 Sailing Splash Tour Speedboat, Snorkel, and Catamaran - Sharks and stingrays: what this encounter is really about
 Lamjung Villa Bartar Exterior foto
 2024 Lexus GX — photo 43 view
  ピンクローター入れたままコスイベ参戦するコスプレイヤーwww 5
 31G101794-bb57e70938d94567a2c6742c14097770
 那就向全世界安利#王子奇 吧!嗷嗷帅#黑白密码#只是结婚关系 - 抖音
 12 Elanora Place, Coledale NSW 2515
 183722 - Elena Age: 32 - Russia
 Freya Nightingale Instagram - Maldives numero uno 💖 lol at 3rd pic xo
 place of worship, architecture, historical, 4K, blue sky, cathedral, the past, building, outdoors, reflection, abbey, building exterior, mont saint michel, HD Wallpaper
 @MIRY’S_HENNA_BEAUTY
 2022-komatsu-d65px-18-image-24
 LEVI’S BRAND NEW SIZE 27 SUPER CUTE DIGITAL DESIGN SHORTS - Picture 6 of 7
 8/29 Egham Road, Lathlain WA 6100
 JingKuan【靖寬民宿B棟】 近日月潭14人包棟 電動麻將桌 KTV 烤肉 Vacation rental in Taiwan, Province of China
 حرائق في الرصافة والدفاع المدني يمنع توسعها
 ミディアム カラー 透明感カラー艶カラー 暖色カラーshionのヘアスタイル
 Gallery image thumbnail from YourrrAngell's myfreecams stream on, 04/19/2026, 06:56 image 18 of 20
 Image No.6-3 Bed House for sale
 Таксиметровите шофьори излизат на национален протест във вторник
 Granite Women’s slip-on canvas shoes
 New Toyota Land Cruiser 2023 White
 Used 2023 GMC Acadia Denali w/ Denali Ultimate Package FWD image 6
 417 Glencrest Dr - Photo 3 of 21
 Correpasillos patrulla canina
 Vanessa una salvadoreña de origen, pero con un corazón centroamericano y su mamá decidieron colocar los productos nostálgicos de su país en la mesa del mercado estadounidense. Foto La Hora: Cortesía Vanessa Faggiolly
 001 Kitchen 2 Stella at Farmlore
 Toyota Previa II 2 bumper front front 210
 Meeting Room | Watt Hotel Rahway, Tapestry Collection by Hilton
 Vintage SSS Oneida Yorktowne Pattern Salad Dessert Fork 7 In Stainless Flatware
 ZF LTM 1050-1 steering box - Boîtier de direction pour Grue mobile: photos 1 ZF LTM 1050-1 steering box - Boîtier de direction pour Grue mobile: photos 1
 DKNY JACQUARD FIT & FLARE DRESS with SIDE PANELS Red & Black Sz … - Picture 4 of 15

::::

_INSTRUCTIONS FOR THE TASK:_
From the listing above, collect each line in which the string "Toyota" appears.

_ANSWER TO THIS TASK:_
 New Toyota Land Cruiser 2023 White
 Toyota Previa II 2 bumper front front 210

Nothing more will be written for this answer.